REQUIREMENT> Each line below from the one containing "16721 SW 86th" through the one containing "大田 丸型テーブル 大田 丸型テーブル 幅85］ 丸テーブル ダイニング" should be output exactly as it stands, and no other line should appear.

RECORDS FOR THE TASK>
+ + + + +

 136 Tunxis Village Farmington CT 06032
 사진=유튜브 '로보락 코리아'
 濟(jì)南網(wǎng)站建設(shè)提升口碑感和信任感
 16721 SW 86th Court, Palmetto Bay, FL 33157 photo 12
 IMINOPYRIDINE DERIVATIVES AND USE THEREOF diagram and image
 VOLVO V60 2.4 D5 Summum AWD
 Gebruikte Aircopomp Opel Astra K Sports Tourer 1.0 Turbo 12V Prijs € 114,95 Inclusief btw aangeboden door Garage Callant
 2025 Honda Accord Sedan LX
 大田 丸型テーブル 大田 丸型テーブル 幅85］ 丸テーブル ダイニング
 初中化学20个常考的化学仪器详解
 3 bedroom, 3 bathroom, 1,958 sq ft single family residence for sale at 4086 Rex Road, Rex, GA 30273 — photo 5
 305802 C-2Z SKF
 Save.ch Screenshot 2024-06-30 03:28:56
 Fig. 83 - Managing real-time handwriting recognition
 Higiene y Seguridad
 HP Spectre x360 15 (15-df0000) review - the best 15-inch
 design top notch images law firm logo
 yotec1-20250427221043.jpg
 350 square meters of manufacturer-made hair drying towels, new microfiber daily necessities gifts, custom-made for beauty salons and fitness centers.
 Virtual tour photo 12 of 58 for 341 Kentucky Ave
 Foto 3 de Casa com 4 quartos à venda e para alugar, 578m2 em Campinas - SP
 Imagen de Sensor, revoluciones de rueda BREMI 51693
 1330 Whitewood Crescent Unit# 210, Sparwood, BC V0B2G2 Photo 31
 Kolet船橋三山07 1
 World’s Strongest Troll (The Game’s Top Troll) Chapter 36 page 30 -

+ + + + +

SOLUTION>
 16721 SW 86th Court, Palmetto Bay, FL 33157 photo 12
 IMINOPYRIDINE DERIVATIVES AND USE THEREOF diagram and image
 VOLVO V60 2.4 D5 Summum AWD
 Gebruikte Aircopomp Opel Astra K Sports Tourer 1.0 Turbo 12V Prijs € 114,95 Inclusief btw aangeboden door Garage Callant
 2025 Honda Accord Sedan LX
 大田 丸型テーブル 大田 丸型テーブル 幅85］ 丸テーブル ダイニング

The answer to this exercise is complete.